*WHAT THE EXERCISE ASKS:* Which of the lines below holds the string "with"? Copy every line that does.

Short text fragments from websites
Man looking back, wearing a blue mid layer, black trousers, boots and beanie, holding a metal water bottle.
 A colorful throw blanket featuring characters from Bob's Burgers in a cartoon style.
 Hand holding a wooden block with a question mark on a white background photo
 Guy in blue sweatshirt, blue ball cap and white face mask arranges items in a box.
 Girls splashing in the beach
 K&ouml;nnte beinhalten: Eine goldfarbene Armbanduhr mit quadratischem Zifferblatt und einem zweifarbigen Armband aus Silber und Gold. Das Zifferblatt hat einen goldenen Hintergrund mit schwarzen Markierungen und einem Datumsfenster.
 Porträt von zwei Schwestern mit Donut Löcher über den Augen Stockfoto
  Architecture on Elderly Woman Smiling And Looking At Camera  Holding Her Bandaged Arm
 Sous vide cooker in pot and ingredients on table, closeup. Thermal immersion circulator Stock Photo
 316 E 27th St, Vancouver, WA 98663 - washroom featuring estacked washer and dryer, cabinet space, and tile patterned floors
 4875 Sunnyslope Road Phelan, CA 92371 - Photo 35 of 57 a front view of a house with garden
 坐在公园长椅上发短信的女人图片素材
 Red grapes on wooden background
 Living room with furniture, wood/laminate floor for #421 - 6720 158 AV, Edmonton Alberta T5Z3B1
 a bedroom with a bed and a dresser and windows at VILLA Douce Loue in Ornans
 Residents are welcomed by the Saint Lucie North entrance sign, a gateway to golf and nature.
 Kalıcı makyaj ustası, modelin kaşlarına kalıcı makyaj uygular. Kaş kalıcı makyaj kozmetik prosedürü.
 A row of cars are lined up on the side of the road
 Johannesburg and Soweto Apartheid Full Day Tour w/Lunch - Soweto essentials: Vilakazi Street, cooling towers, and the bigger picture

*ANSWER FOR THIS EXERCISE:*
 Hand holding a wooden block with a question mark on a white background photo
 4875 Sunnyslope Road Phelan, CA 92371 - Photo 35 of 57 a front view of a house with garden
 Living room with furniture, wood/laminate floor for #421 - 6720 158 AV, Edmonton Alberta T5Z3B1
 a bedroom with a bed and a dresser and windows at VILLA Douce Loue in Ornans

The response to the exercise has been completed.